Contre Hitler, tout contre. La griffe Sokourov appliquée à un sujet douteux et théâtral : Adolf H. et ses nazis nazes divaguant dans le palais du Führer.
Quelle mouche a piqué Alexandre Sokourov, qui, après une brève et inédite Sonate pour Hitler tournée en 1979, remet le couvert avec faste vingt ans après en détaillant par le menu vingt-quatre heures de la vie privée du Führer et de son entourage dans son monumental Berghof de Berchtesgaden ? Le choix d’un tel sujet ne peut être anodin. Et pourtant, le point de vue sur le dictateur fasciste s’avère au bout du compte assez insignifiant. Centré sur le personnage d’Eva Braun, fofolle touchante qui jappe comme une petite chienne pour obtenir une marque d’affection de son maître ingrat, Moloch est un kammerspiel luxueux où, servis par des SS silencieux, Adolf et quelques pontes du régime (Bormann, Goebbels et sa femme) font assaut de mauvais bons mots, festoient chichement, et dans l’ensemble ne font que divaguer. Comme si le régime nazi n’avait été constitué que d’un ramassis d’idiots irresponsables et décadents. C’est un peu simple et cela pourrait surtout servir à absoudre leurs crimes sur l’air chrétien de « Pardonnez-leur, Seigneur, ils ne savent pas ce qu’ils font ». Si, ils savaient ! La vision d’Hitler essuyant métaphoriquement sa merde avec ses mains ne peut pallier d’indispensables repères et référents historiques. Inconséquence grave. Pour le cinéaste, Hitler était un bouffon, un végét-aryen, un hypocondriaque égoïste, un roi capricieux tout à fait détaché des réalités de son régime sadique. L’anecdote sur Auschwitz en dit long. A Eva Braun (ou Magda Goebbels), qui évoquele camp de la mort, Adolf répond : « Auschwitz, connais pas. » Sokourov affirme que les dialogues sont tirés d’archives. Peut-être, mais tout dans sa mise en scène incite à penser le contraire, à considérer ce spectacle comme une nébuleuse fantaisie. L’évident talent plastique du cinéaste filtres, flou artistique, images nimbées, brouillard joue contre lui en rendant cette farce irréelle.

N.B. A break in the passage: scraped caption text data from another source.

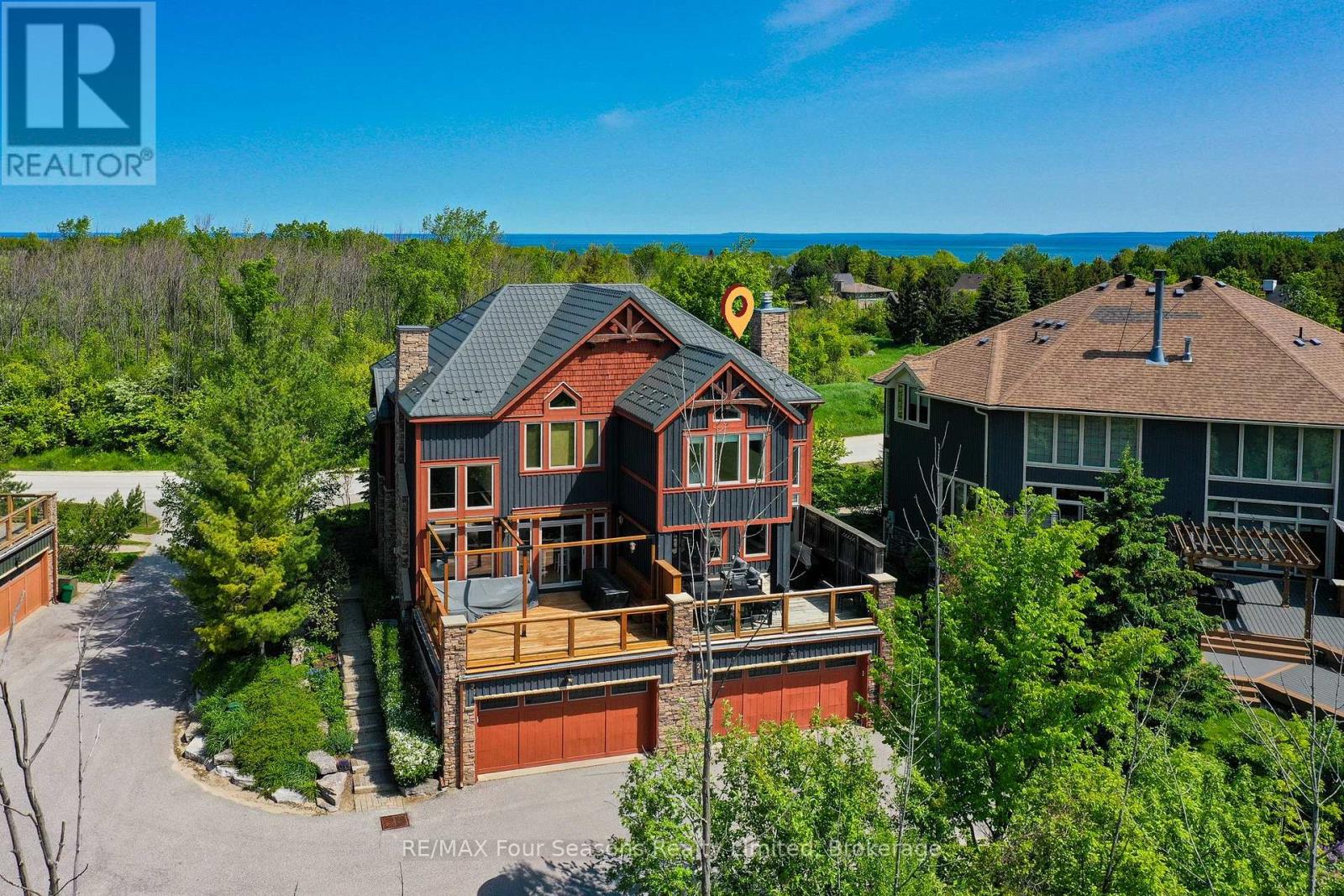 26 - 214 Blueski George Crescent, Blue Mountains, Ontario  L9Y 0V5 - Photo 1 - X12453417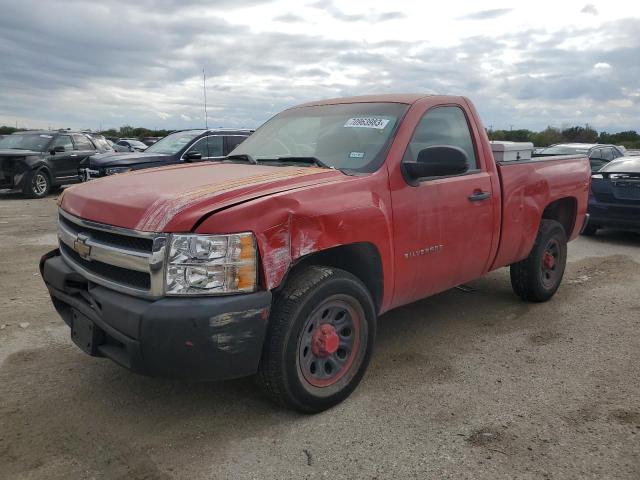 chevrolet silverado 2011 1gcncpex5bz337032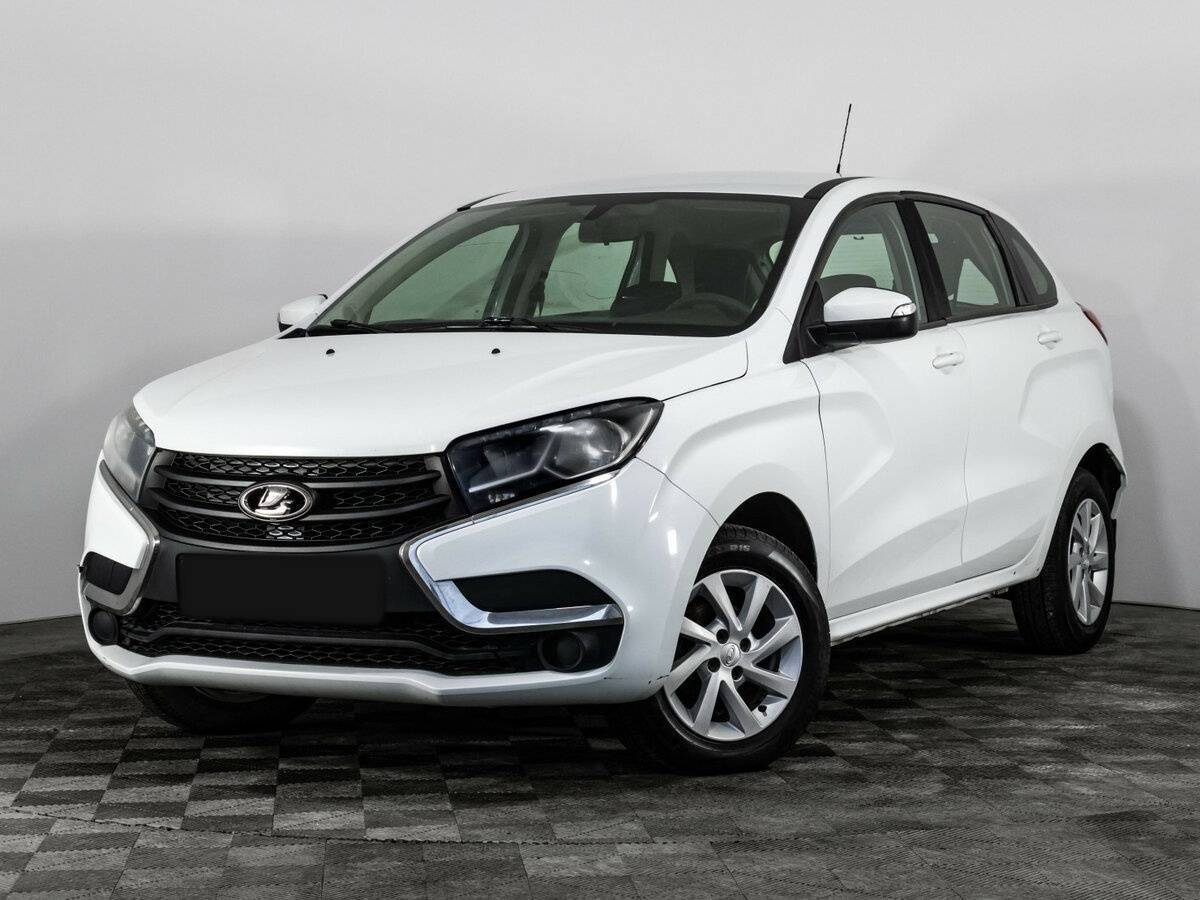 Lada (ВАЗ) XRAY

Ce huis clos très peu sartrien rappelle certains péplums où les dieux de l’Olympe badinent de sujets triviaux alors qu’ils tiennent le sort de l’humanité entre leurs mains. Seul le bref dialogue d’Hitler avec un prêtre a un certain intérêt (« Vous priez un dieu mort », rugit le Führer). Encore aurait-il fallu développer. Ce rare moment où le personnage exprime une conviction violente ne suffit pas à prendre au sérieux ce tableau quasi allégorique où Hitler est dépeint comme un être proche du gâtisme et sa compagne, comme une gentille évaporée. On retiendra donc de Moloch ses beaux camaïeux bleu-vert, son superbe travail sur la lumière et les imposants décors du palais où, au début du film, Eva Braun, nue, tel un elfe, fait d’espiègles entrechats au bord d’un gouffre. Sokourov, lui, est tombé dedans.